South Asia to cut poverty by two-thirds in a decade
26 Jun '06
5 min read
World Bank (WB) announces that the building on recent strong growth, countries in South Asia can dramatically reduce poverty by embracing policies aimed at increasing investment and productivity, and improving the quality of labor, while addressing pervasive income inequalities and poor service delivery, according to Economic Growth in South Asia, a World Bank report released today.
The report finds that while countries in the region are growing rapidly, evidence shows that expansion, due to its uneven nature, is deepening income inequality and may be hard to sustain in the longer term if the key constraints are not addressed.
“South Asia's decade-long economic expansion has raised the possibility that the sub-continent could eliminate poverty in our lifetime,” says Shantayanan Devarajan, co-author of the report and World Bank Chief Economist for the South Asia region. “But to realize this dream, South Asians must create the conditions and incentives necessary to sustain and accelerate growth that benefits all.
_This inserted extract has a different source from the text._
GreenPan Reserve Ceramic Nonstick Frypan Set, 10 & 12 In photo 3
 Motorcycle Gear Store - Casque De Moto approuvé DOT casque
The economic well-being of several hundred millions of people depends on it.”
A striking feature of the report is analysis showing that South Asian countries could see single-digit poverty rates in a decade if economic growth accelerates to 10 percent a year until 2015. This means the number of people living in poverty could go down by two-thirds in less than ten years.
Looking back at the remarkable economic performance of the past decade, the report suggests South Asian countries should aspire to this goal and emulate the East Asian growth rates of 7 to 10 percent that lifted millions of people out of poverty in relatively few years.